Remedy is front of mind
A trio of Chinese herbs is being tested as the first potential targeted treatment to slow the progression of a common type of dementia.
Vascular dementia is caused by stroke or damage to blood vessels in the brain and accounts for about a third of dementia cases — more than 100,000 Australians.
There are no approved treatments, only interventions to reduce risk factors, and few clinical trials for the disease.
But a combination of ginseng, ginkgo biloba and saffron is about to be tested on Australians with mild-to-moderate cases of the disease after a trial found it could improve cognition and daily functioning following six months of treatment.

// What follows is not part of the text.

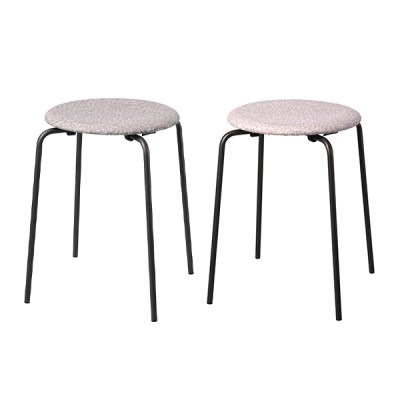 DOT STOOL Ria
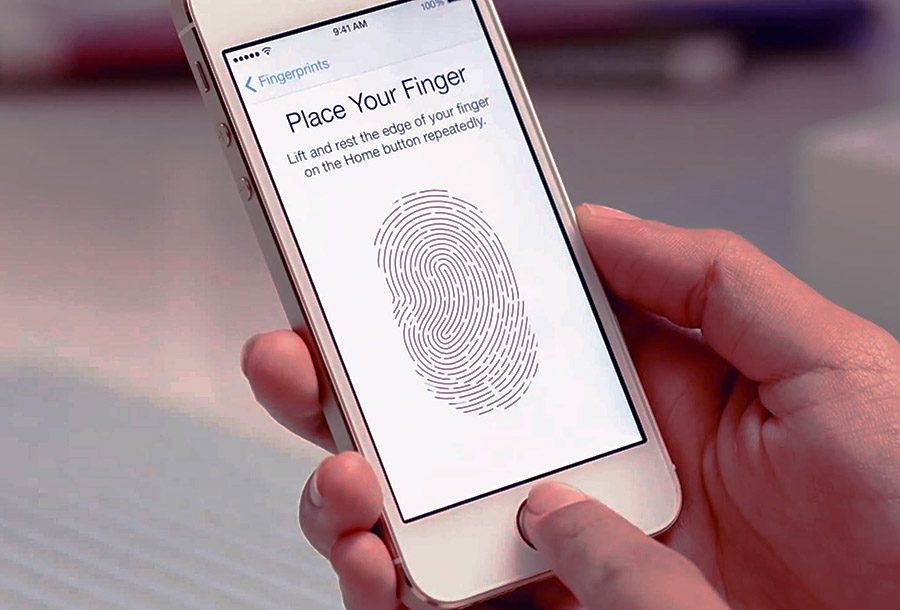 忘掉Touch ID！iPhone SE 4帶來的Face ID革命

Chief investigator Dennis Chang, from the NICM Health Research Institute at Western Sydney University, said given the brain was a complex organ, a potential treatment for dementia would need to target the disease in multiple ways.
“We have looked at herbal remedies, not so much in the traditional form as a herbal concoction, but to look at identifying the potential bioactive components of them,” Professor Chang said.
“Many pharmaceutical medicines initially come from plants and then we modify them to increase the efficacy.
“Ginkgo biloba is used for the management of memory. Ginseng is regarded as the king of herbs in Chinese medicine as it improves neurocognition.
“The data suggests saffron can improve blood circulation in the brain and has antidepressant effects, which is a common symptom for dementia patients.”
The herbal formula, called Sailuotong, was most recently pitted against a placebo in 325 patients in China where it was found to improve daily function in a number of ways.
The phase III international trial will test the treatment over 12 months on a bigger group of patients with mild-to-moderate vascular dementia — 600 people in China and 240 people across 11 sites in Australia.